About Ecological Security

Biosphere INSTABILITY

ECO-
Amplification

Climate
change

biogeochemical
imbalances

pollution
and plastics

Ecological
crime

Ecological security examines how disruption across Earth systems alters human, national, and global security. It widens the aperture beyond climate alone to include biosphere instability, pollution and plastics, biogeochemical imbalance, ecological crime, and eco-amplifying processes such as antimicrobial resistance and zoonotic spillover — all of them products of how human civilization has reorganized the planet’s living systems.

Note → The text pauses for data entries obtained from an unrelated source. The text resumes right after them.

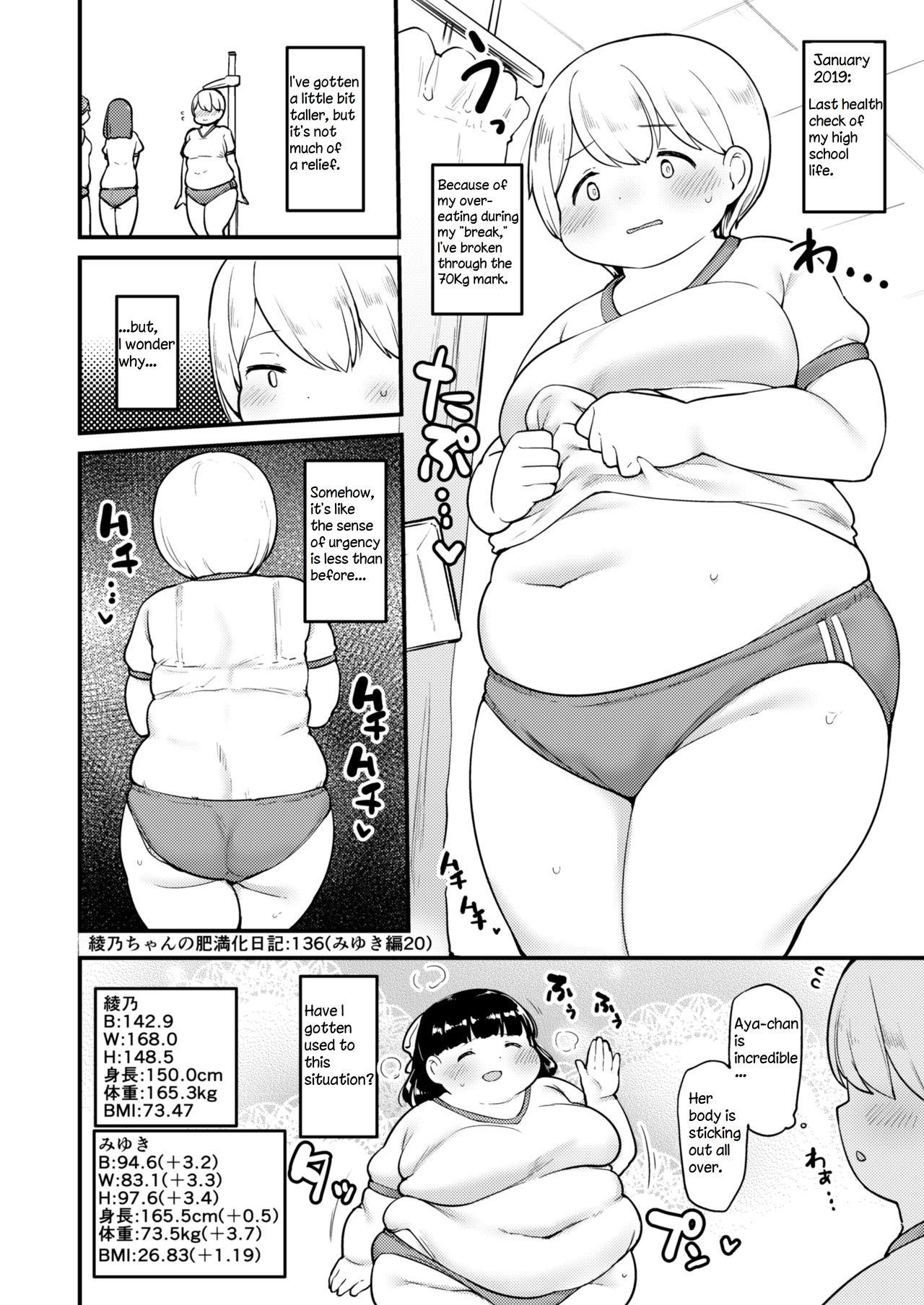Ayano's Weight Gain Diary 135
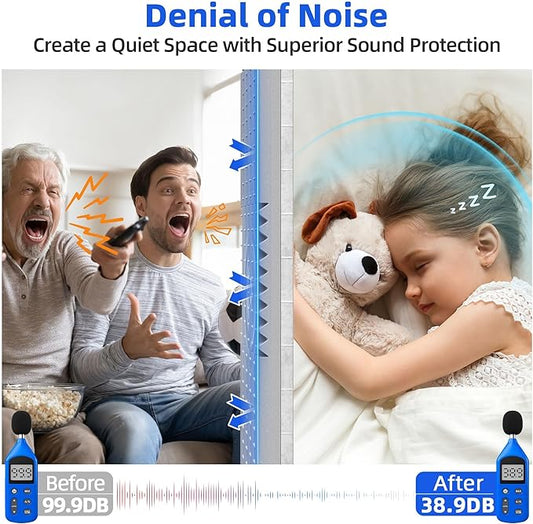 12 Pack Sound Proof Foam Panels for Wall with Self Adhesive, 3" X 12" X 12" High Density Acoustic Panels Sound Absorbing Quick-Recovery, Wedges Soundproof Wall Panels for Gaming & Studio Decor - Gray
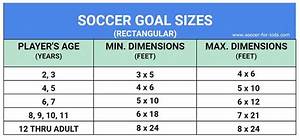 What Size Are Youth Soccer Goals Soccer Goal Dimensions For Each Age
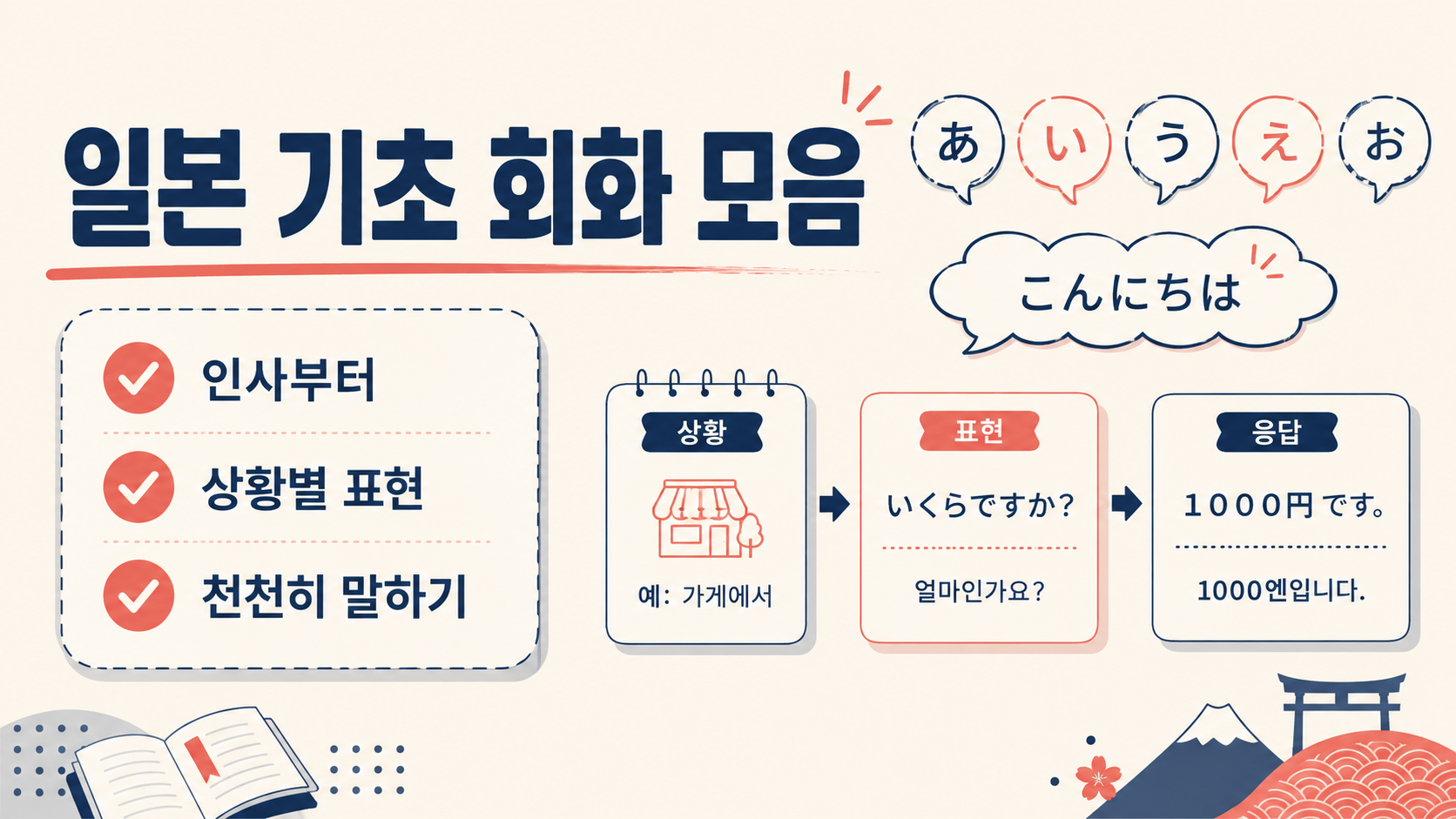 일본 기초 회화 모음의 인사와 상황별 표현을 담은 정보 카드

Ecological security is integral to human, national, and global security. Traditional security institutions, doctrines, and architectures often relegate these stresses to the realm of so-called environmental issues, but in reality, they are deeply-rooted societal, economic, and political issues. EFG uses the term ecological security distinctly from environmental security, which has evolved over time to focus primarily on a few abiotic concerns, such as climate and water security. The word environment also, unfortunately, connotes a disconnect between humans and the rest of the planet, rather than recognizing that human civilization is embedded in and intertwined with Earth systems and processes.

Ecological security threats can lead to outcomes traditionally recognized as security risks — resource conflict, geopolitical tension, and state fragility. Yet security doctrine has been slow to treat biodiversity loss, pollution, and plastics as core concerns, leaving institutions increasingly mismatched to the threats emerging in the Anthropocene era.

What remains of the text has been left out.